At crèche drop off this morning I bumped into an old friend of my father who happens to be a Grandparent at Anaïs’s crèche.
Me: Oh, hi Trish!
Trish: Hi Clare! (calls me by my birth name, then indicates towards a man escorting a preschooler into the building) You remember my son, Jack?
Me: Oh, yes of course. Hi!
Jack: (Confused face) You’ve a better memory than I!
Me: (Blushing)
Insert small talk about raising toddlers while blocking the entrance and straining with the weight of child on my hip.
Me: Well, have a great day! (Bowls past dawdling kids to get Ani into the nursery area.)
The conversation in my mind:
Me: Oh, you don’t remember me, Jack? I was 12, you were 14. Your mum threw a party at your house. We stole and drank my first alcoholic beverage together. We sneaked down to the river and kissed. It was my first kiss with tongue. After a while I asked to go back to the party. I felt sick and dizzy and Dad got me some water. When we left the party I asked for your number. You wrote it on a piece of paper. I bragged about you to my form 2 friends on Monday at school. After a few days I plucked up the courage to call you but when I dialed, all I heard were quick beeps, indicating the phone number didn’t exist.

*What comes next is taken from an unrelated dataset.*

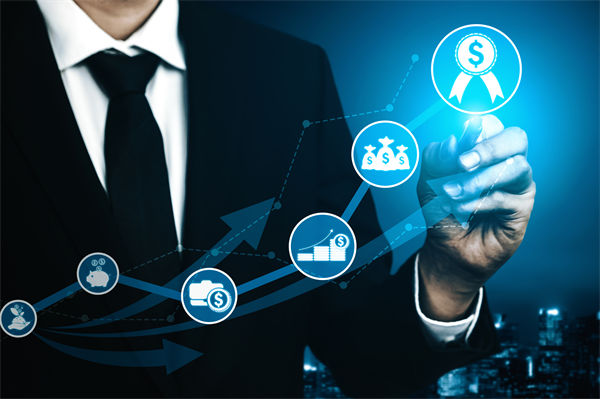 企業(yè)預(yù)算管理咨詢(xún)公司哪家好，能控成本還不影響業(yè)務(wù)的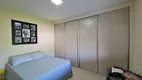 Foto 7 de Casa com 3 Quartos à venda, 1030m² em Setor Habitacional Vicente Pires, Brasília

I remember every cell in body burning with embarrassment. For months afterwards you would pop into my mind and I would burn all over again. I lived in fear of the moment we would again meet at one of our parent’s houses. Mercifully, we did not.
It was not my last regretful drunken pash, but I remember it better than any other – with the clarity of the most emotionally complex creature on Earth – a 12 year old girl.
And now our kids go to crèche together. How lovely.